LISTED ENTRIES START

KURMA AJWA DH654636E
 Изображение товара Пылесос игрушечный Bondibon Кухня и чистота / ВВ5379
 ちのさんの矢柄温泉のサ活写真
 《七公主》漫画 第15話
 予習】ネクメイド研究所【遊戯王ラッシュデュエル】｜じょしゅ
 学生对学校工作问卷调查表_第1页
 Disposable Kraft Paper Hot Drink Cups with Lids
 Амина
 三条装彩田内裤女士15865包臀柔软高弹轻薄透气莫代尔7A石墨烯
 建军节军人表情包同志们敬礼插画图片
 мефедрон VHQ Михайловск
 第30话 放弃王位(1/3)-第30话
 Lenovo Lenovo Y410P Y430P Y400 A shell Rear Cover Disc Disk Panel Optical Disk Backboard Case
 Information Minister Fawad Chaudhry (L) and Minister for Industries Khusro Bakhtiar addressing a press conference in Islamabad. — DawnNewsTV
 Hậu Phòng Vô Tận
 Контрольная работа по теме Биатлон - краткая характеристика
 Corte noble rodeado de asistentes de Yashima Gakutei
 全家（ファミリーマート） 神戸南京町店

LISTED ENTRIES END

- [AIM OF THE TASK]: Nothing should appear in the answer except the lines from the one with "建军节军人表情包同志们敬礼插画图片" through the final line of the records, written exactly.

- [PROBLEM SOLUTION]:
 建军节军人表情包同志们敬礼插画图片
 мефедрон VHQ Михайловск
 第30话 放弃王位(1/3)-第30话
 Lenovo Lenovo Y410P Y430P Y400 A shell Rear Cover Disc Disk Panel Optical Disk Backboard Case
 Information Minister Fawad Chaudhry (L) and Minister for Industries Khusro Bakhtiar addressing a press conference in Islamabad. — DawnNewsTV
 Hậu Phòng Vô Tận
 Контрольная работа по теме Биатлон - краткая характеристика
 Corte noble rodeado de asistentes de Yashima Gakutei
 全家（ファミリーマート） 神戸南京町店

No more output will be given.